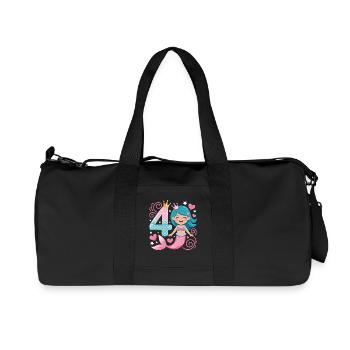 4e anniversaire de la sirène 4 ans - Sac de sport en toile recyclée Stanley/Stella - noir - Devant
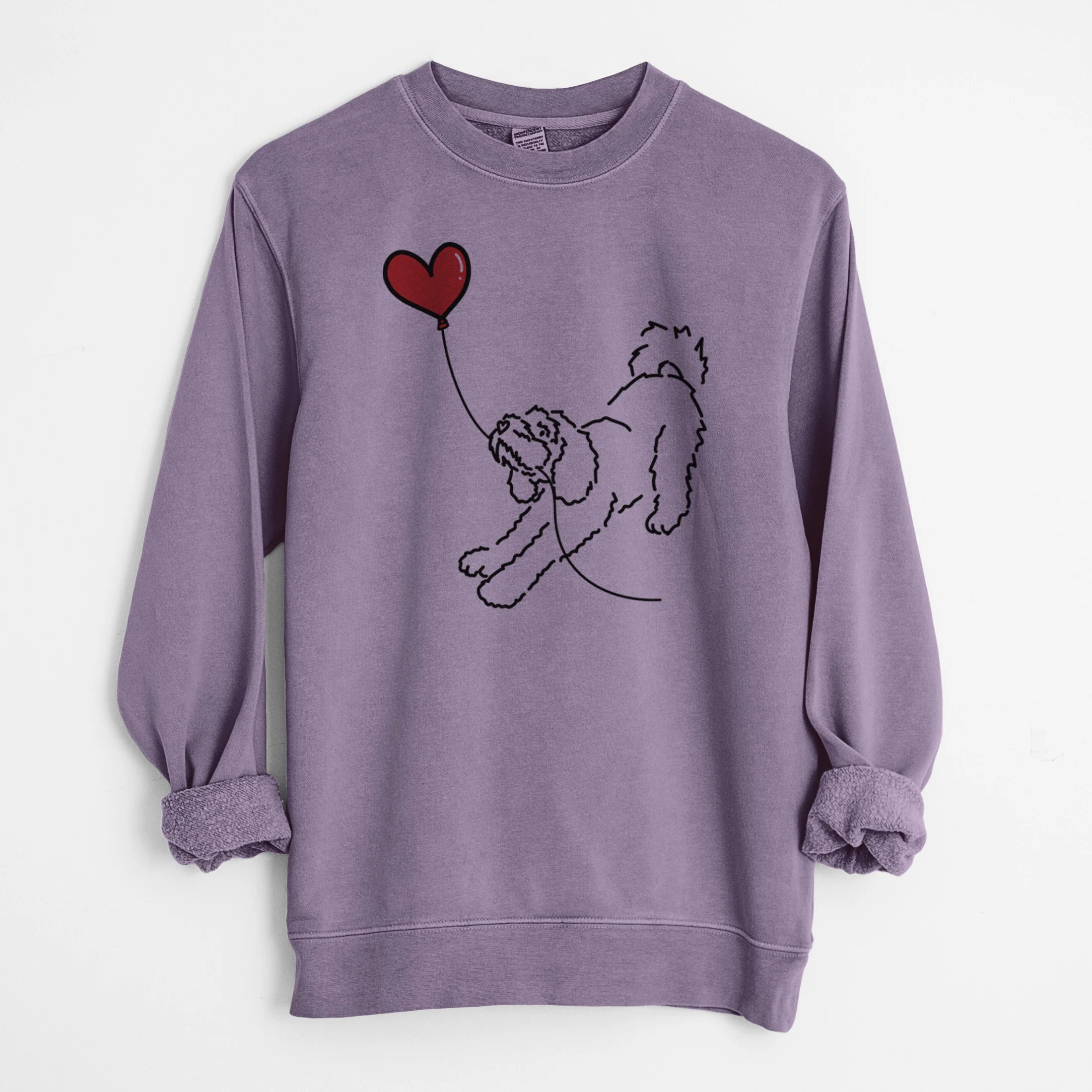 Cockapoo Heart String - Unisex Pigment Dyed Crew Sweatshirt - Image 10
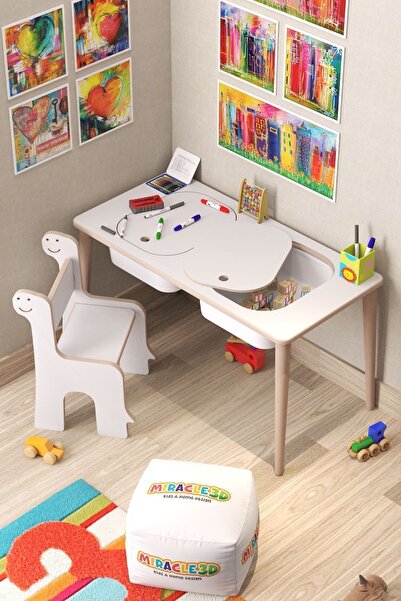 MİRACLE 3D Çocuk Oyun Etkinlik Çalışma Masası Aktivite Masası 2 sepet tek san...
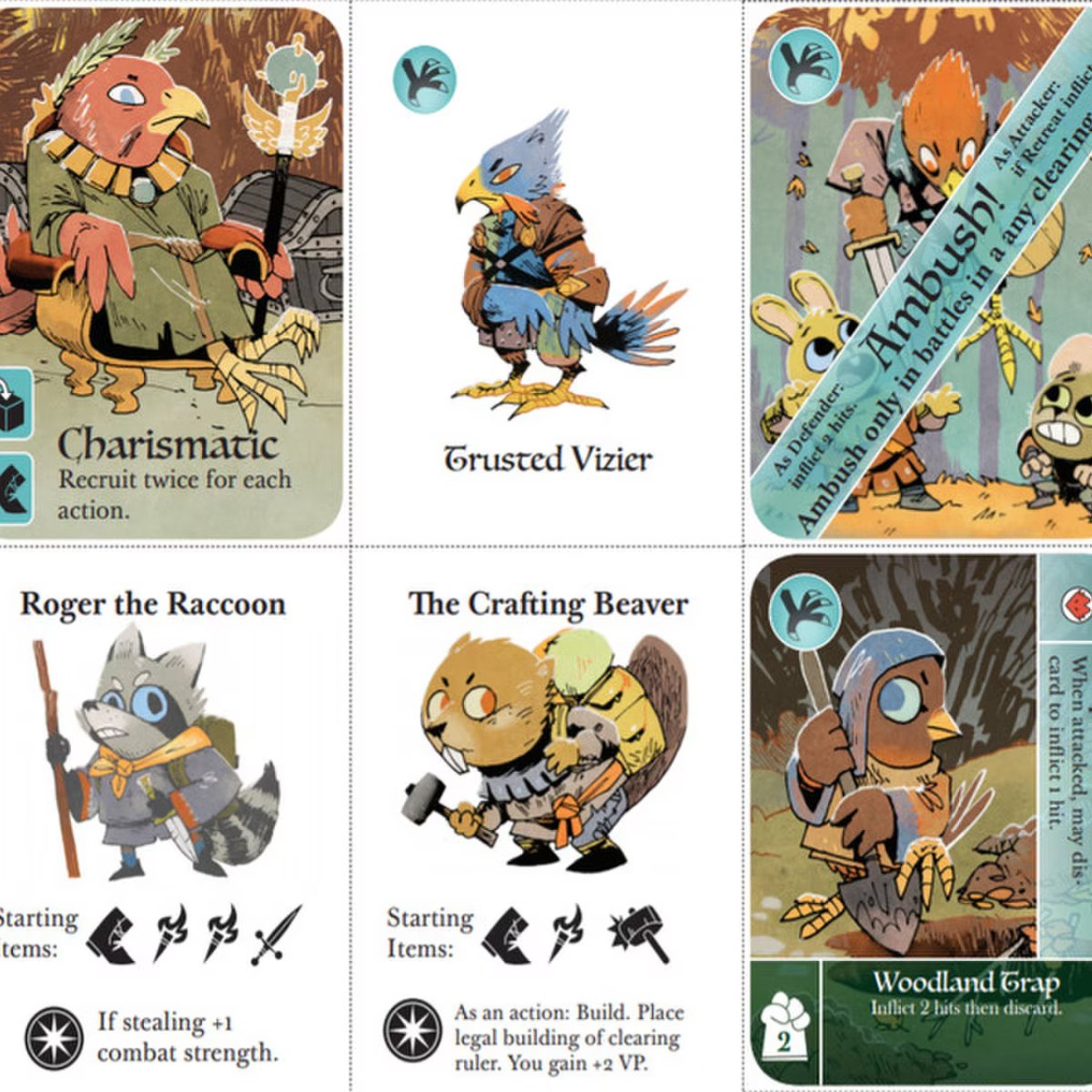 Root asymmetric strategy board game character and card artwork featuring Eyrie, Vagabond and Ambush cards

ACTION ITEM: Copy out all the data exactly, skipping the pictures.

RESULT OF THIS EXERCISE:
 4e anniversaire de la sirène 4 ans - Sac de sport en toile recyclée Stanley/Stella - noir - Devant
 Cockapoo Heart String - Unisex Pigment Dyed Crew Sweatshirt - Image 10
 MİRACLE 3D Çocuk Oyun Etkinlik Çalışma Masası Aktivite Masası 2 sepet tek san...
 Root asymmetric strategy board game character and card artwork featuring Eyrie, Vagabond and Ambush cards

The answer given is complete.